(Beginning of DATA EXTRACTS)

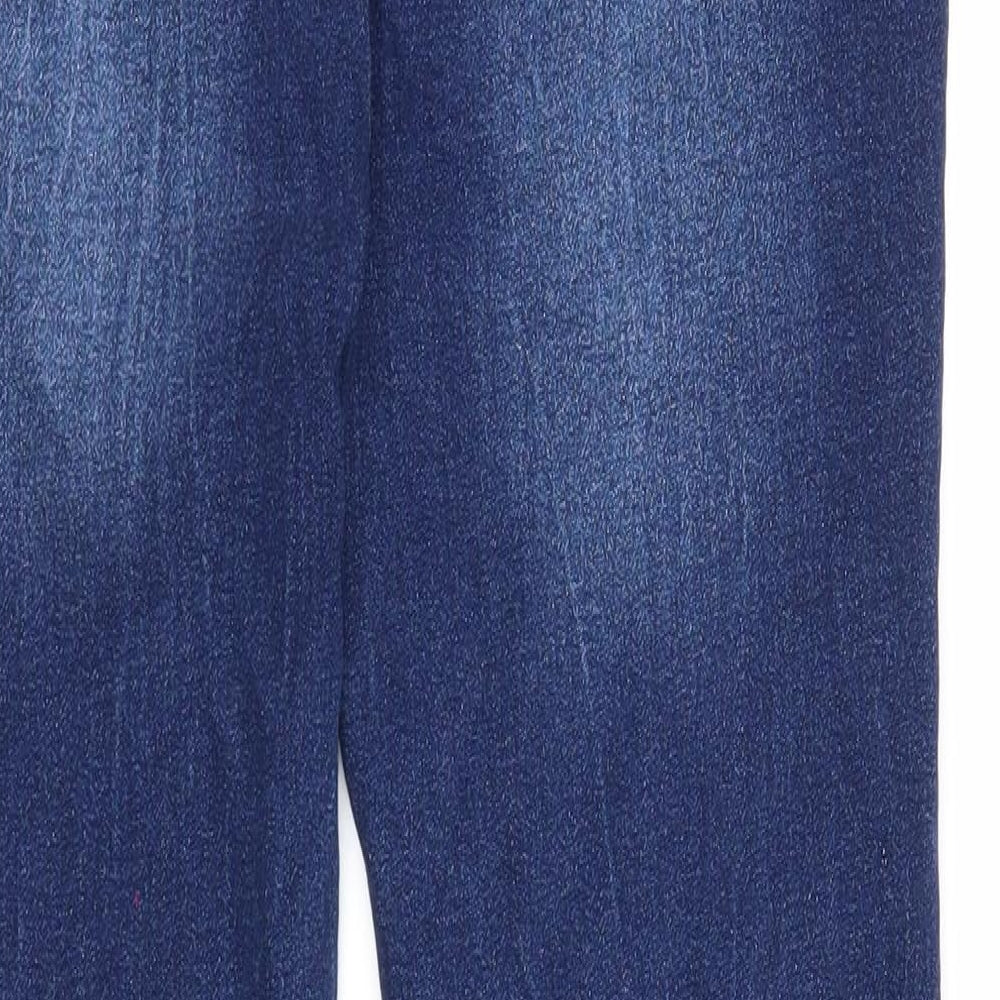Nutmeg Boys Blue Cotton Skinny Jeans Size 13-14 Years Regular Zip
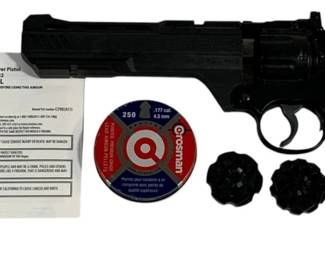 5113 - Crosman CO2 Pellet Pistol Model CCP8B2 (Description): Used as is electric/electronic/mechanical  item. No guarantee all components, untested.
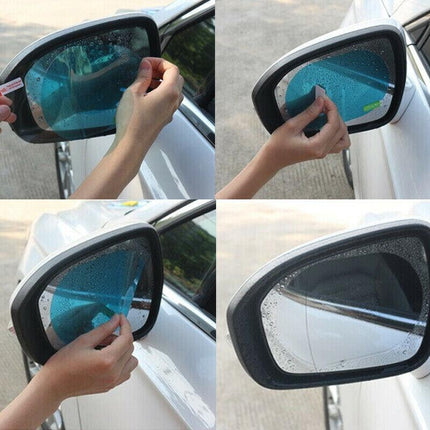 2PCS Fog Anti-glare Car Rearview Mirror Trim Film Cover Rainproof Accessories AU - Aimall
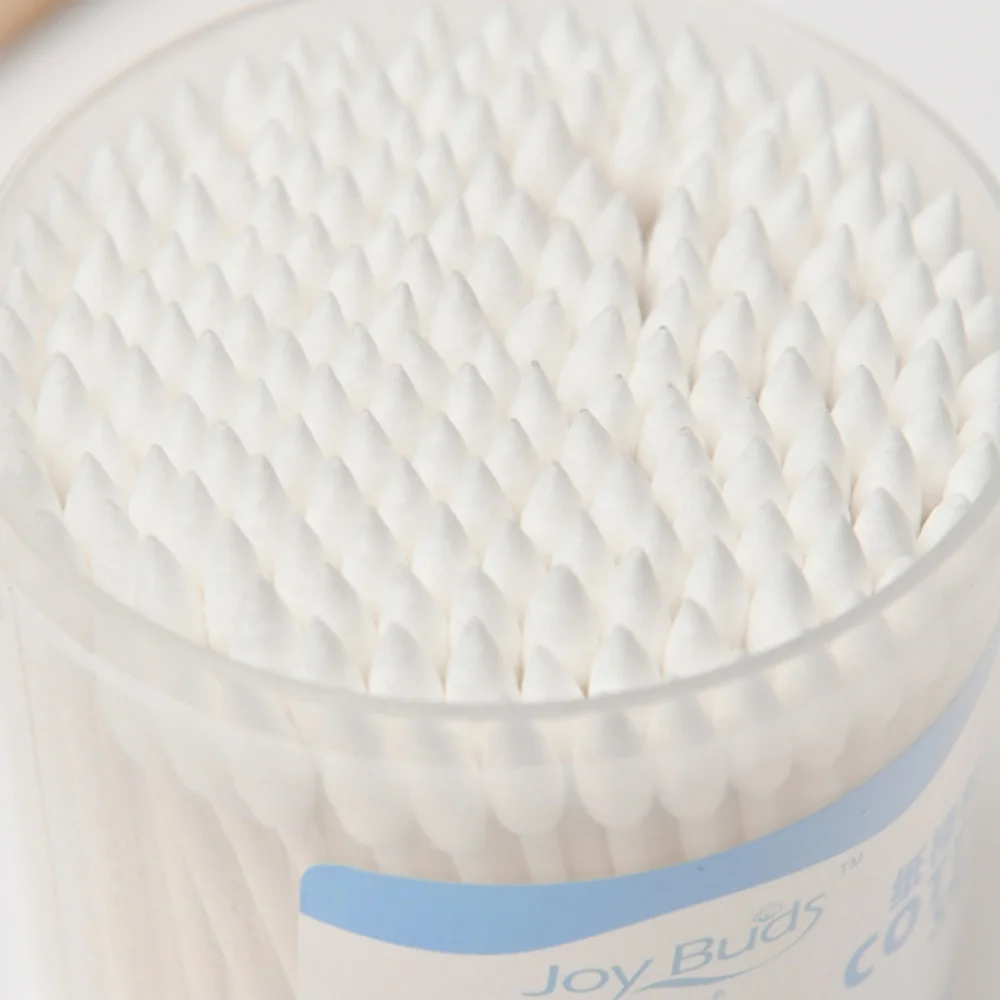  Горячая Распродажа 200 шт. q-tips экологически чистые двухсторонние ватные палочки разборные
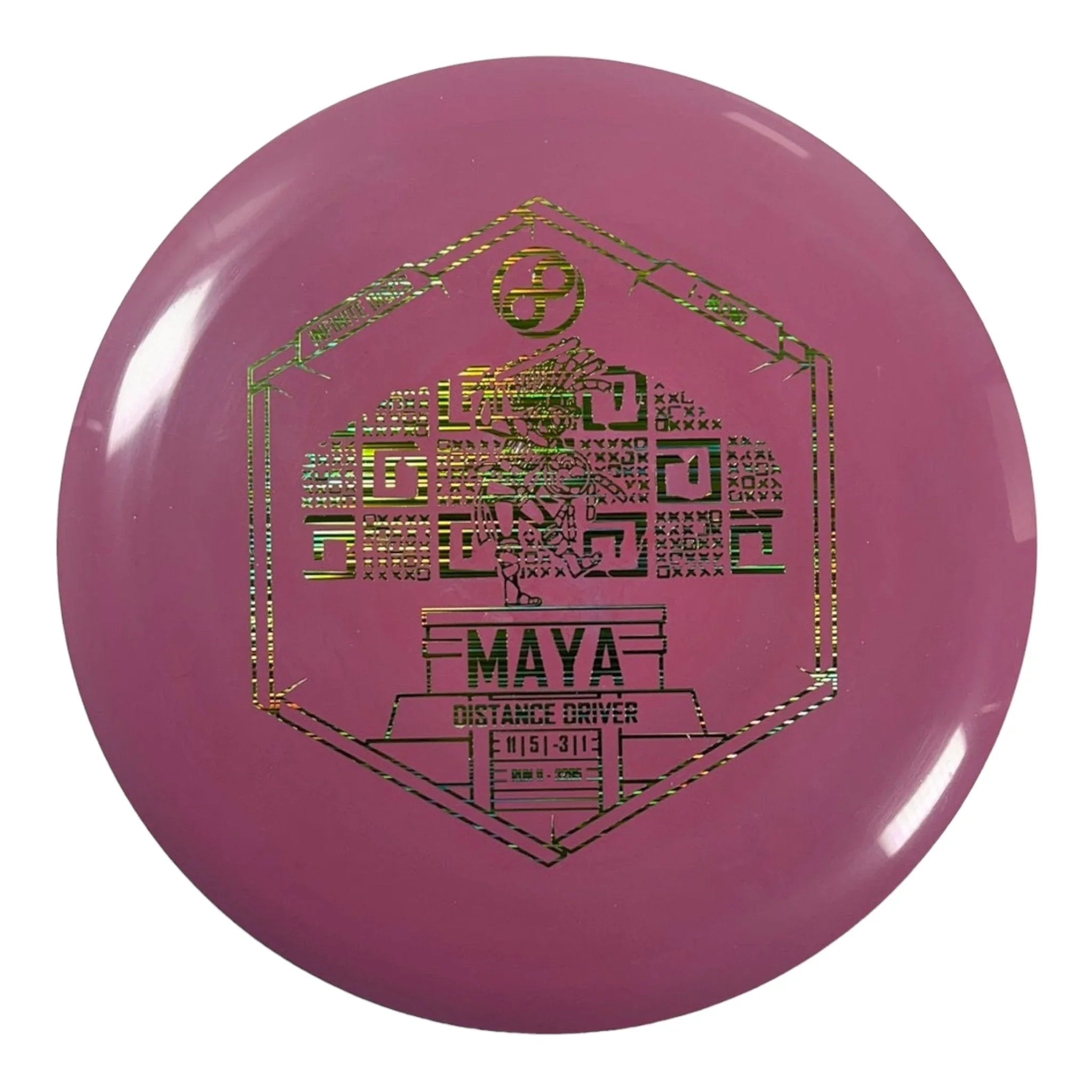 Infinite Discs Maya | I - Blend | Pink/Green 166g Disc Golf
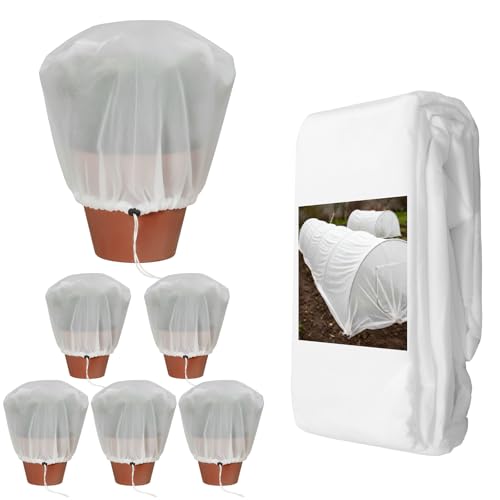 Boao 7 Pcs Plant Covers Freeze Protection, Row Cover & Tree Covers Winter
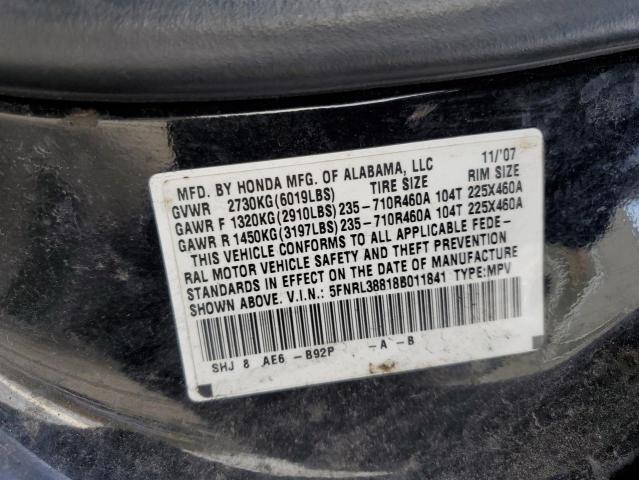 Photo 13 VIN: 5FNRL38818B011841 - HONDA ODYSSEY 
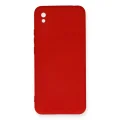 BUĞZ Xiaomi Redmi 9a Kılıf Nano İçi Kadife Silikon - Kırmızı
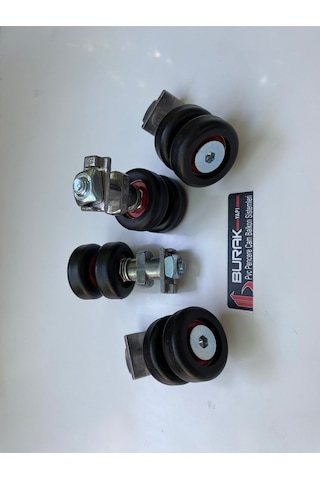 Cam Balkon Metal Teker 10ad. 5 Ad. Kertili + 5 Ad. Düz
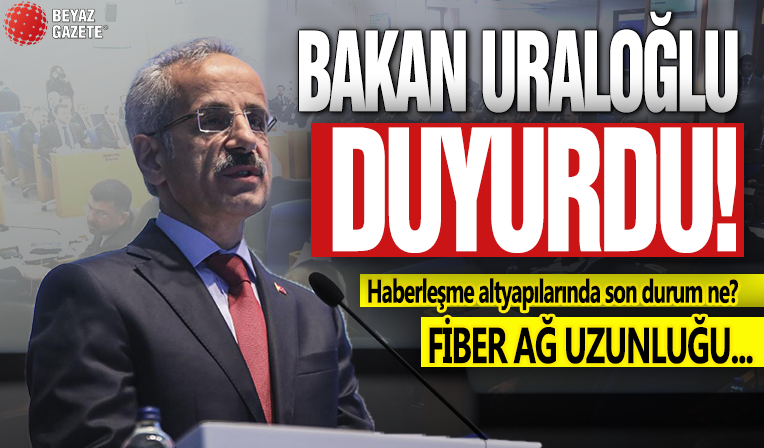 Bakan Uraloğlu rakamlarla açıkladı: 2 bin 667 proje, 2 trilyon 295 bin lira yatırım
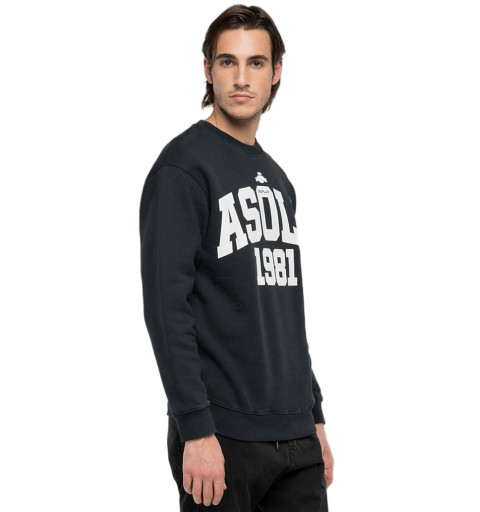 Replay M6047 Asolo Black Sweatshirt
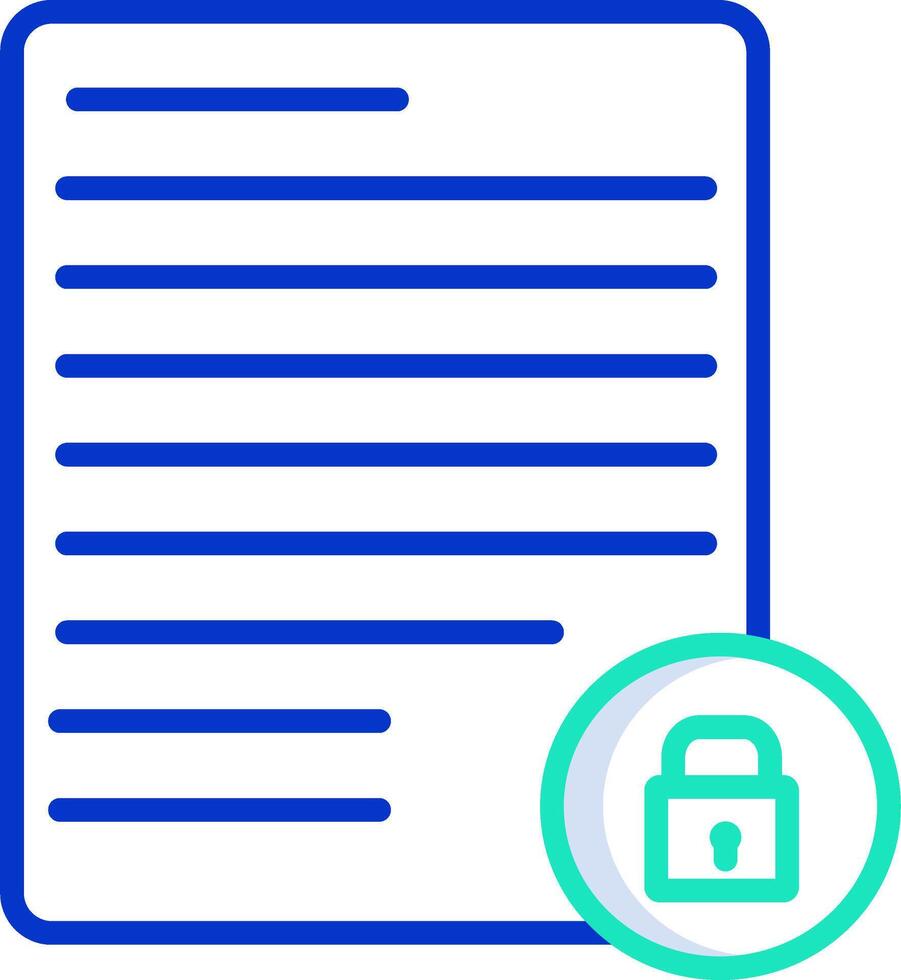 A padlock icon and a document with a padlock vector
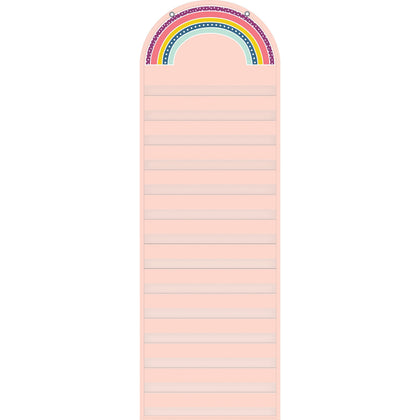 Teacher Created Resources Rainbow Pocket Chart - Fun Skill Learning - Charts & Accessories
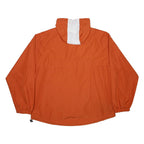 CHAPS RALPH LAUREN Mens Orange & White Zip Jacket L Polyester Plain Lightweight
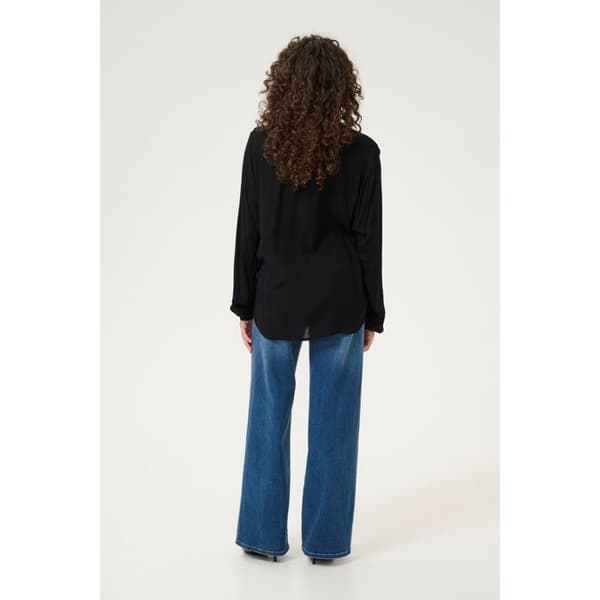 Blus volang dam KAFFE Amber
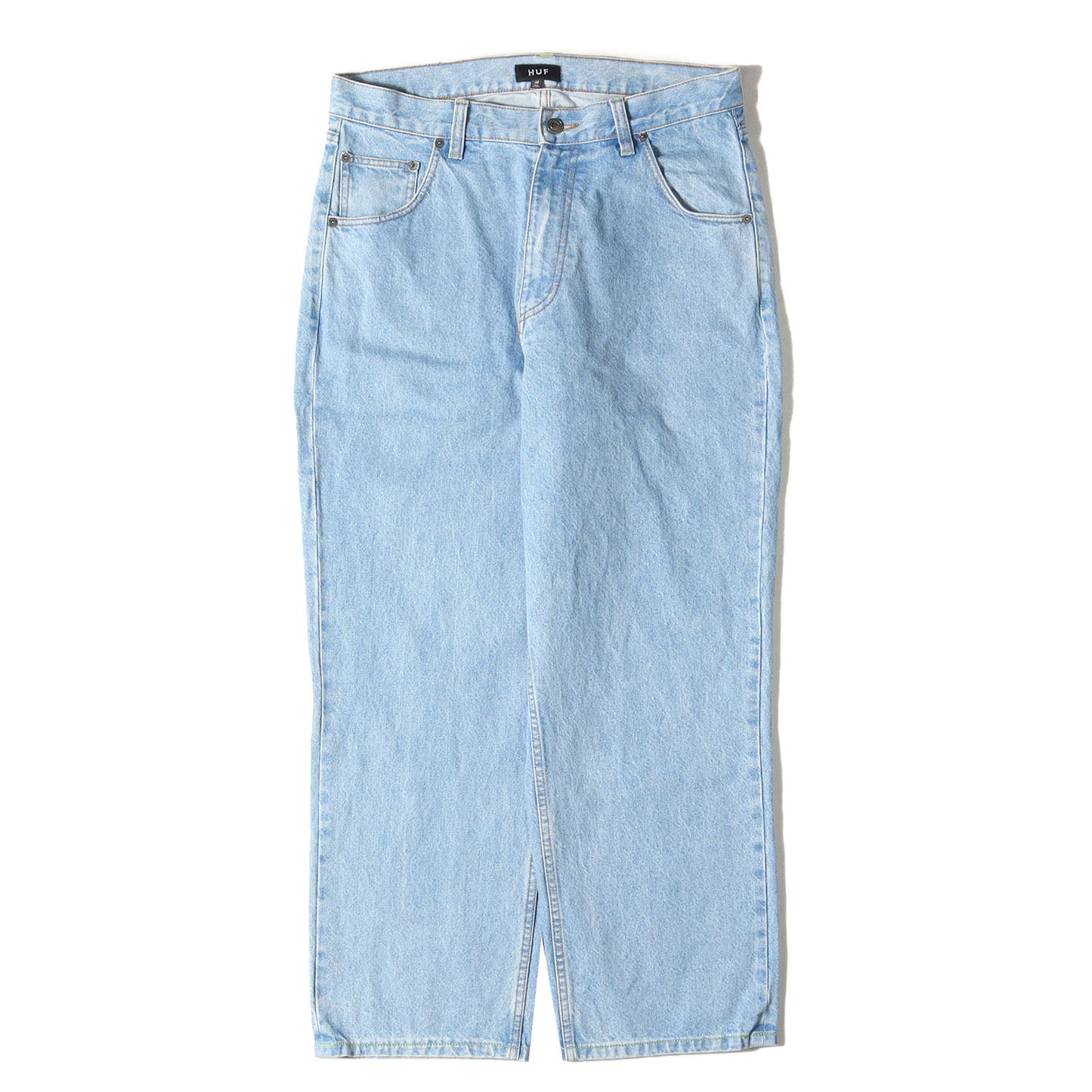 ヴィンテージ加工 ワイド デニムパンツ(CLASSIC DENIM PANT)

(End of DATA EXTRACTS)

● ABOUT THIS TASK:
The range to print runs from the line with "Replay M6047 Asolo Black Sweatshirt" through the last line of the entries, both included; keep it exact and skip the pictures.

● FINISHED EXERCISE:
 Replay M6047 Asolo Black Sweatshirt
 A padlock icon and a document with a padlock vector
 Teacher Created Resources Rainbow Pocket Chart - Fun Skill Learning - Charts & Accessories
 CHAPS RALPH LAUREN Mens Orange & White Zip Jacket L Polyester Plain Lightweight
 Blus volang dam KAFFE Amber
 ヴィンテージ加工 ワイド デニムパンツ(CLASSIC DENIM PANT)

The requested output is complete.